» What to work on
In the data below, one line contains "LHZK Double Decker" and a later one contains "sticky orange salmon bowls". Print both, with every line between them, exactly and alone.

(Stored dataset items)
=======

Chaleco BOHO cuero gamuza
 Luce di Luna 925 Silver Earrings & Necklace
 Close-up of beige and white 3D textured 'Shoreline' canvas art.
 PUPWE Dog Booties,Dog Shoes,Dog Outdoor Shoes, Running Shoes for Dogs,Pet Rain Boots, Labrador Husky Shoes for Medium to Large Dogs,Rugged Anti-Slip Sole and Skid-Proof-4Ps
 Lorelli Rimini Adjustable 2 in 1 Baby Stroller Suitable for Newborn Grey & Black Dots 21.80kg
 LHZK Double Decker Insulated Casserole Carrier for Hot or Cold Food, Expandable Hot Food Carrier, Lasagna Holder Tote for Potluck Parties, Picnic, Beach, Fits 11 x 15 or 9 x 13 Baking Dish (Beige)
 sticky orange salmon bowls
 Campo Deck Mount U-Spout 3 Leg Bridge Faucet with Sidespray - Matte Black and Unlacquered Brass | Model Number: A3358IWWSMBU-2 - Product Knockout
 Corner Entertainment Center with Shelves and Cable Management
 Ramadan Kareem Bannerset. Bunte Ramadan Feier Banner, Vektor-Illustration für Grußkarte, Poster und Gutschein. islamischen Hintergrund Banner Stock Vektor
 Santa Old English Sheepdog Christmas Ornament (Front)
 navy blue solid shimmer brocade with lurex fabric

=======

» Response to this task
 LHZK Double Decker Insulated Casserole Carrier for Hot or Cold Food, Expandable Hot Food Carrier, Lasagna Holder Tote for Potluck Parties, Picnic, Beach, Fits 11 x 15 or 9 x 13 Baking Dish (Beige)
 sticky orange salmon bowls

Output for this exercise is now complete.